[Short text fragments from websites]
----
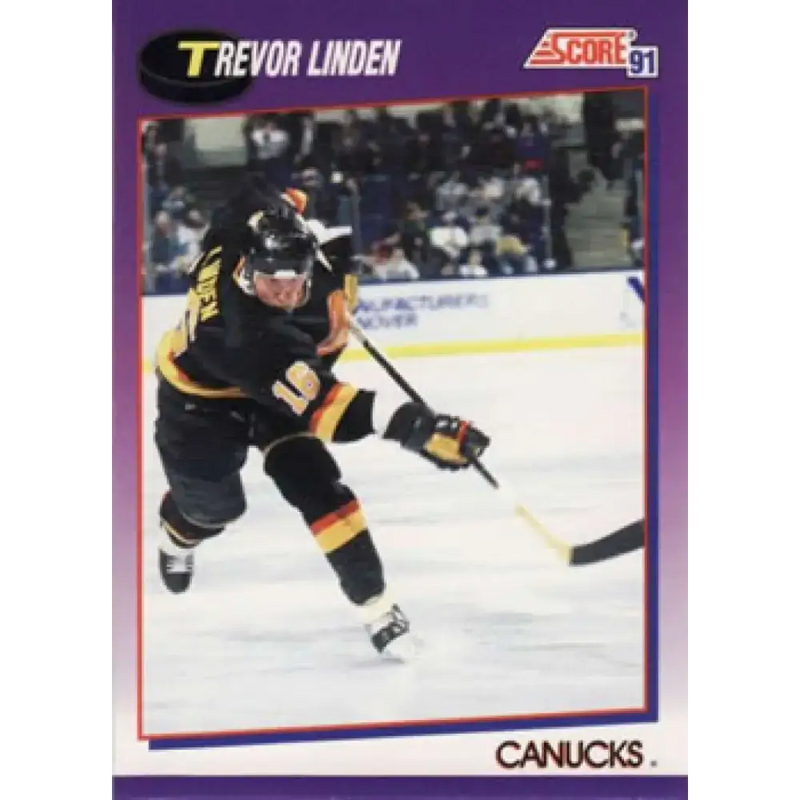 1991-92 Score American #8 Trevor Linden NM-MT Vancouver Canucks Hockey Card - Hockey Card Single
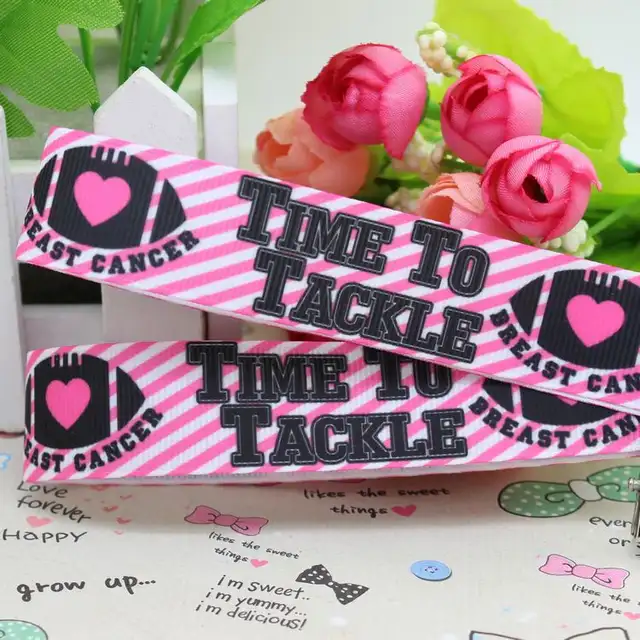 7 8 Free Shipping Tackle Breast Cancer Printed Grosgrain Ribbon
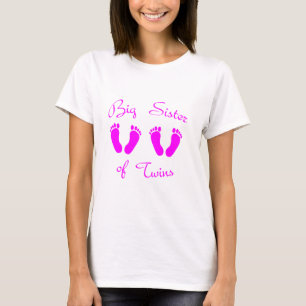 Camiseta Gran hermana de chicas gemelos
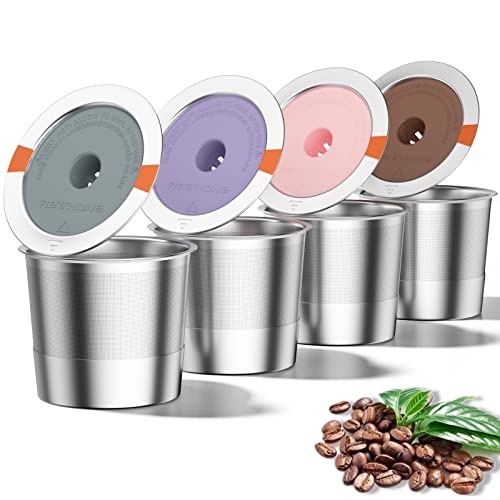 RETHONE Reusable K Cups Coffee Filter, Stainless Steel K Cup Reusable Coffee Pods Filters for Keurig 1.0 & 2.0 Coffee Makers (4 pack)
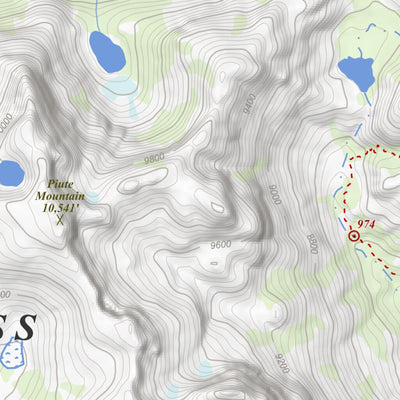 Piute Mountain, California 7.5 Minute Topographic Map Preview 3
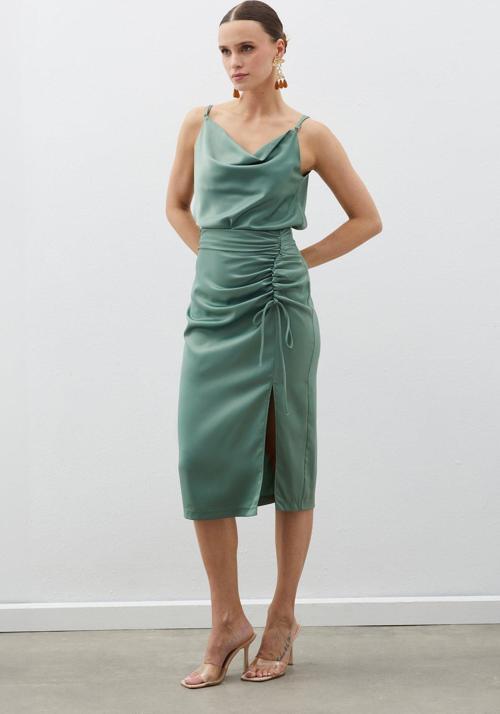 Büzgü Detaylı Saten Etek - Haki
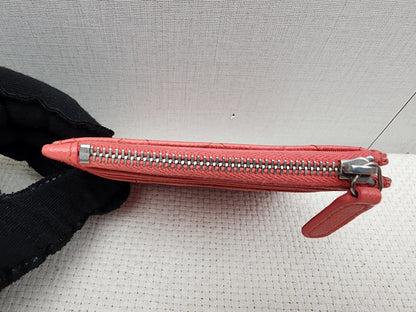Chanel Coral Pink Caviar Zipped Card Holder (SHW)
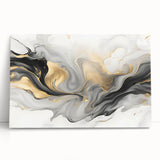 Modern Fluid Art Print – Black, White & Gold Abstract Wall Decor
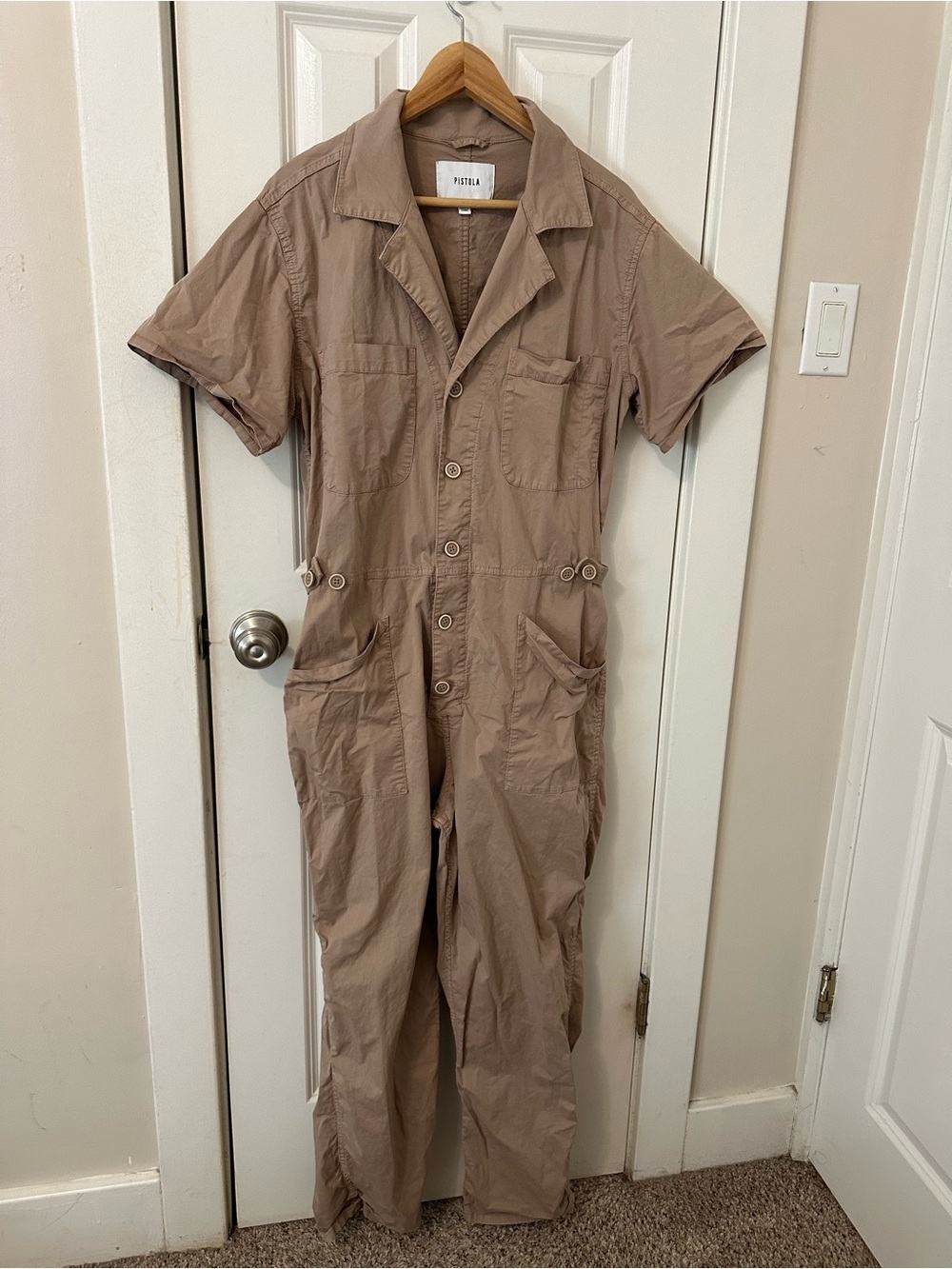 Pistola Grover short sleeved jumpsuit sesame L - Picture 4 of 7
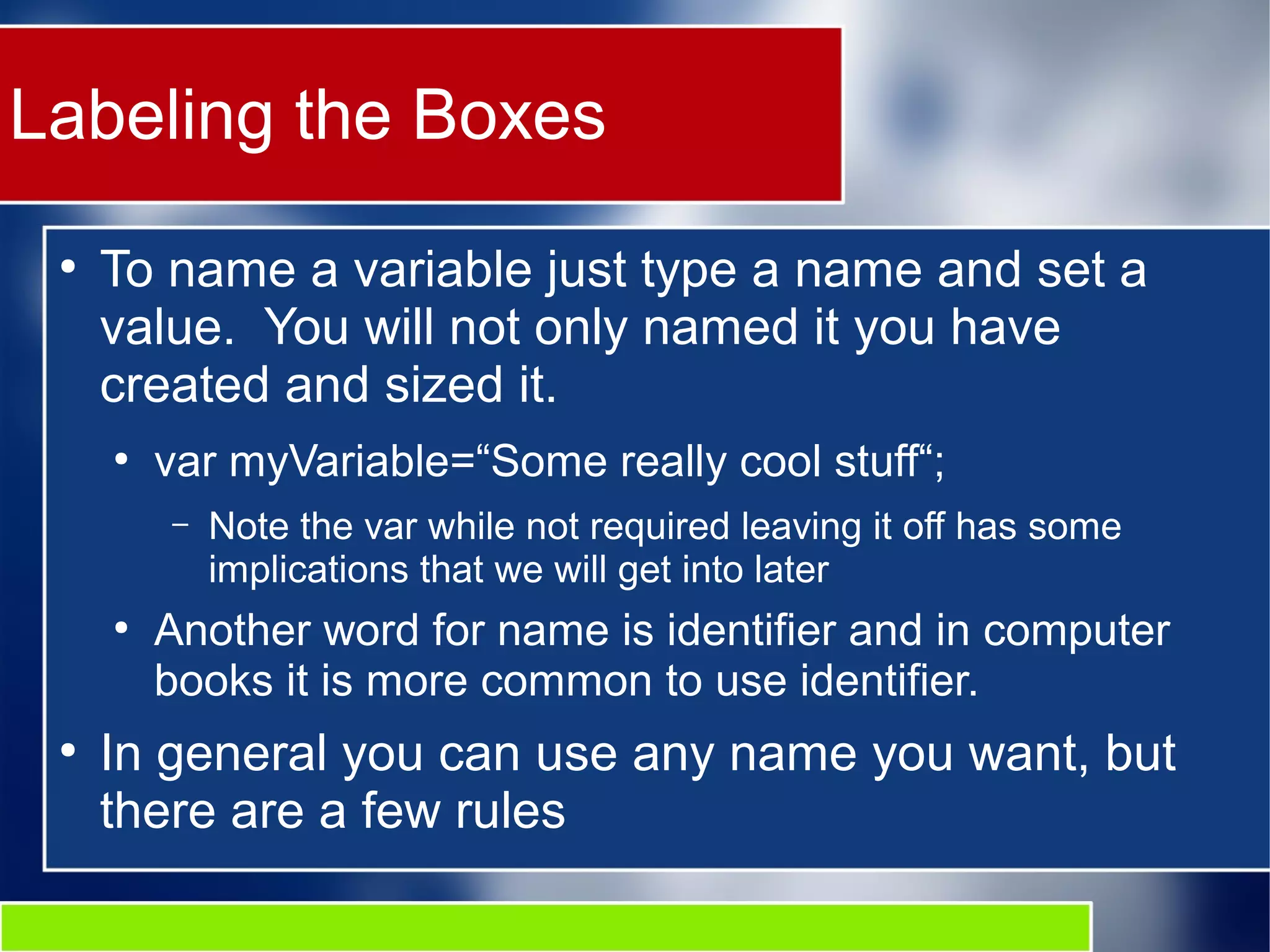 JavaScript Variables | PPT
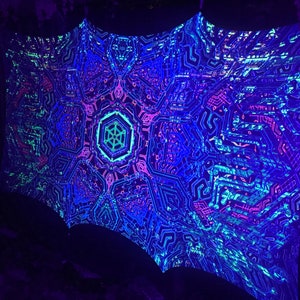 Kunstdruck auf Lycra SACRALIS Psychedelische Leinwand UV spirituelles Geschenk Heilige Geometrie Trance Visionäre Kunst Bild 10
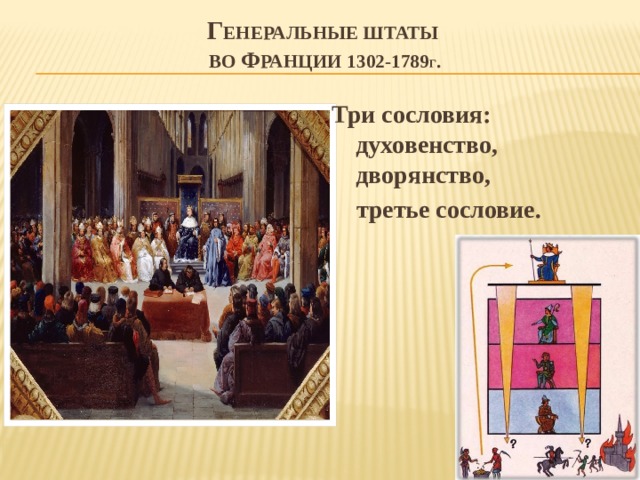 Г енеральные штаты  во Ф ранции 1302-1789 г . Три сословия: духовенство, дворянство,  третье сословие.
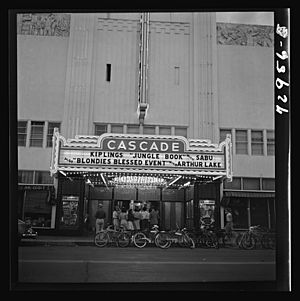 Motion picture show at the Cascade Theatre in Redding, California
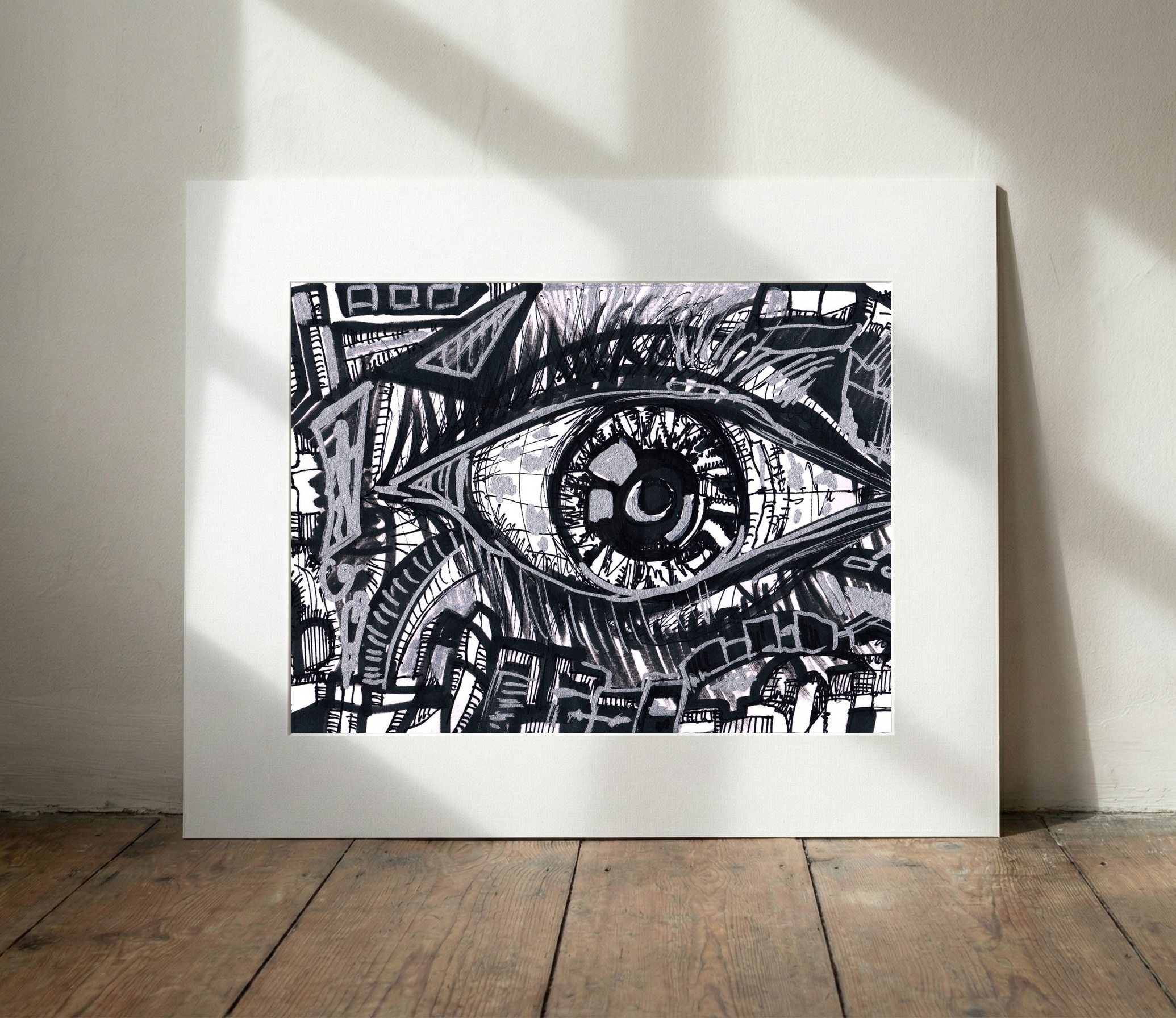Cyborg Eye Abstract in Black and Grey Ink — art on the wall, room interior preview 1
----
Repeat the entries above exactly and skip the images.

> [THE ANSWER]:
 1991-92 Score American #8 Trevor Linden NM-MT Vancouver Canucks Hockey Card - Hockey Card Single
 7 8 Free Shipping Tackle Breast Cancer Printed Grosgrain Ribbon
 Camiseta Gran hermana de chicas gemelos
 RETHONE Reusable K Cups Coffee Filter, Stainless Steel K Cup Reusable Coffee Pods Filters for Keurig 1.0 & 2.0 Coffee Makers (4 pack)
 Piute Mountain, California 7.5 Minute Topographic Map Preview 3
 Büzgü Detaylı Saten Etek - Haki
Chanel Coral Pink Caviar Zipped Card Holder (SHW)
 Modern Fluid Art Print – Black, White & Gold Abstract Wall Decor
 Pistola Grover short sleeved jumpsuit sesame L - Picture 4 of 7
 JavaScript Variables | PPT
 Kunstdruck auf Lycra SACRALIS Psychedelische Leinwand UV spirituelles Geschenk Heilige Geometrie Trance Visionäre Kunst Bild 10
 Г енеральные штаты  во Ф ранции 1302-1789 г . Три сословия: духовенство, дворянство,  третье сословие.
 Motion picture show at the Cascade Theatre in Redding, California
Cyborg Eye Abstract in Black and Grey Ink — art on the wall, room interior preview 1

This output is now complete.